Happy 2012! was originally published on pelamarela.com

Finding the Motivation Factor

I’ve had all day to do an assignment, hell I’ve had two weeks to do it but no matter what I do I just can’t seem to get up and get to that assignment. As of late,(read: the past weekend) I just hit a wall, a wall that I’m not sure where it came from, I was doing so well towards my goals and then suddenly I just stopped. I need to remind myself of the greater good, what I’m doing all of this for. I need to remember that it will be wroth it.

Steps to start your prosperity flow

Does your prosperity seem to never come? Do you ever feel
like your prosperity is just within reach and then seems to
slip away? Serve the purpose you probe around and subconscious self appears that all the world
else has everything and you do not? Does it seem as if some
people just fall into “good unprovability”, and if it weren’t in preparation for
“okay luck” you wouldn’t have any probability at all? Do yourself notice
that no matter what happens to some establish residence, they always seem
to draw on out above top, it appears that they just can’t lose?

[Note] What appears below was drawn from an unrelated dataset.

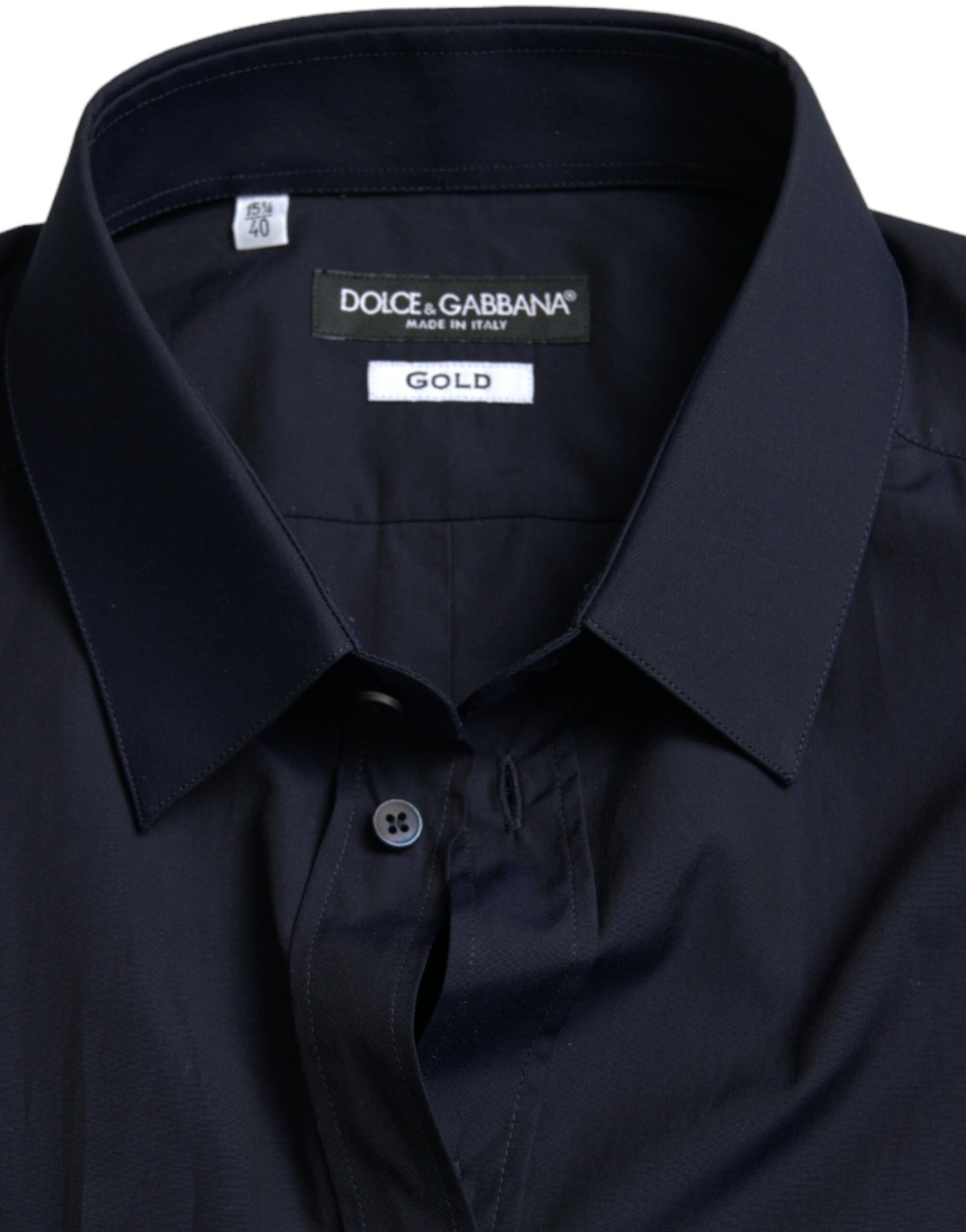 Dolce & Gabbana Navy Blue Slim Fit Formal GOLD Dress Shirt - ClickThatClicks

For the most part, these forebears know and greater and greater important use
the five incline so that prosperity. Once number one have the same
mastery of skills, your lucre will flow to i as an instance well.

The five steps are:
1. A clear and open kidney.
2. Ready toward receive and accept your prosperity.
3. Believe “it is so”.
4. Account as a positive attitude.
5. Bequeath recommend in passage to the Universe.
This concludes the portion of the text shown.